La sposa promessa (fill the void): recensione film

FOCUS SU DI UN MATRIMONIO COMBINATO NELLA COMUNITÀ EBREA ULTRAORTODOSSA DI TEL-AVIV

GENERE: drammatico

USCITA: 15 novembre 2012

Esordio alla regia di Rama BurshteinFill The Void-La sposa promessa, film israeliano presentato alla Sessantanovesima Mostra del cinema di Venezia e candidato come miglior film straniero agli Oscar, uscirà nelle sale italiane il 15 novembre.

La storia, ambientata in una Tel Aviv dai contorni sfumati, quasi indefinibile, viene circoscritta all’interno degli ambienti intimi e baroccati di una tradizionale famiglia ebrea ultraortodossa: il capofamiglia è un rabbino, al cui fianco vi è una moglie regina del focolare, due figlie e attorno si sviluppa tutta una fitta rete di legami con gli altri, pronti ad aiutarsi a vicenda. Shira, la piccola di casa, ha raggiunto i 18 anni ed è in età per prendere marito, pertanto le è consentito scegliere tra una rosa di candidati idonei, vagliata prima dai genitori, secondo i  criteri rigorosi imposti dal proprio credo.

L’incontro con il potenziale sposo, un suo coetaneo, avviene al supermercato, dove la ragazza è andata in avanscoperta con la madre. Sua sorella maggiore Ester, invece, è già sposata con Yochai, da cui aspetta un bambino. Sfortunatamente la donna muore, non prima di aver dato alla luce il piccolo. Questa tragedia colpisce gli animi a livello collettivo, tutti si stringono attorno al dolore della famiglia e sono chiamati a celebrare il battesimo del bambino, nella solennità di una funzione religiosa partecipativa, esempio cardine dei tanti momenti di preghiera e unione che scandiscono la vita comunitaria.  

Yochai, rimasto vedovo, è spinto, non solo dalle convenzioni, ma anche dalle necessità, a doversi risposare, poiché il figlio ha bisogno di una madre e lui di una moglie. Così gli viene consigliato di legarsi a una vedova che abita in Belgio. La madre di Shira, all’idea di perdere anche il nipotino, unica gioia rimastale, suggerisce a Yochai di sposare proprio la giovane Shira, che è la donna più prossima alla famiglia e il giovane non sembra affatto dispiaciuto a questa alternativa.

Shira, messa al corrente della decisione che hanno architettato alle sue spalle, impallidisce, vedendo il suo sogno di sempre sgretolarsi sotto il peso di una scelta più grande di lei.  In uno dei frequenti primi piani che indugiano sul suo candore, fa percepire tutto il suo smarrimento, mentre si contempla davanti allo specchio, indossando il tipico copricapo, simbolo distintivo delle donne sposate, che aveva tanto desiderato in maniera esclusiva. 

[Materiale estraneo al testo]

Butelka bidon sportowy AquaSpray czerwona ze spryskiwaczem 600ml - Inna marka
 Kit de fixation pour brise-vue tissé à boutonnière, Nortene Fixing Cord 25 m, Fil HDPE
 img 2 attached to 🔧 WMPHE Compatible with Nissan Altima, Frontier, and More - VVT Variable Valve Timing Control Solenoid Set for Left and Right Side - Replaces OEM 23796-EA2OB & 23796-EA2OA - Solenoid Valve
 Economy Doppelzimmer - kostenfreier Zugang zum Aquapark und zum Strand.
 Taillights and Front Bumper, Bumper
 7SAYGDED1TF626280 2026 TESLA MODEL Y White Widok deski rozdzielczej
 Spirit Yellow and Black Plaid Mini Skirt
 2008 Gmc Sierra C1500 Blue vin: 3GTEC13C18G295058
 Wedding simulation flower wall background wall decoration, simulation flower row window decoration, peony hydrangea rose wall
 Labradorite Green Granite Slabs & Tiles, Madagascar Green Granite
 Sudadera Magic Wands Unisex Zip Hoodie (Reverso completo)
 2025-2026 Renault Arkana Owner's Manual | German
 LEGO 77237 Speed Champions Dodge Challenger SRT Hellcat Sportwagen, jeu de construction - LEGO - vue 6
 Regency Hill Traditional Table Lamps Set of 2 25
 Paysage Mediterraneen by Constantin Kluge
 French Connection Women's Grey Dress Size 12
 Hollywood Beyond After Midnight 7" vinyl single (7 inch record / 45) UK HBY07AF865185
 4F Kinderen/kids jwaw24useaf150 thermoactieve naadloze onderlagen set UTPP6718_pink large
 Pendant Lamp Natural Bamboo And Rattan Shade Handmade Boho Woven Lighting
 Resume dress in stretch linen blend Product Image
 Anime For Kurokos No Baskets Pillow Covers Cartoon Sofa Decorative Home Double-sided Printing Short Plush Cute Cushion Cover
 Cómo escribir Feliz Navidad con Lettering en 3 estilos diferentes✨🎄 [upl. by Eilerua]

Alla fine, nonostante il grande dissidio, acconsentirà alle nozze.  In un passaggio del film,  quando il rabbino che deve dare l’approvazione all’unione, interpella la la ragazza su quali siano i suoi veri sentimenti a riguardo, lei risponde che non si tratta di sentimenti ma è semplicemente la scelta più giusta da fare, allora, l’anziano uomo, dall’alto della sua saggezza, replica dicendole che invece “è solo una questione di sentimenti“.

I sentimenti a cui fa accenno, sono riconducibili esclusivamente all’amore che dovrebbe consacrare il vincolo del matrimonio. Eppure quest’amore, dapprima impensabile da concepire, se non come un torto o un gesto impuro, poi via via soffocato per paura di essere ammesso, sarà presente nel petto della ragazza in preda ad un’euforia mista all’agitazione, con indosso il suo vaporoso abito bianco, nel tanto atteso giorno.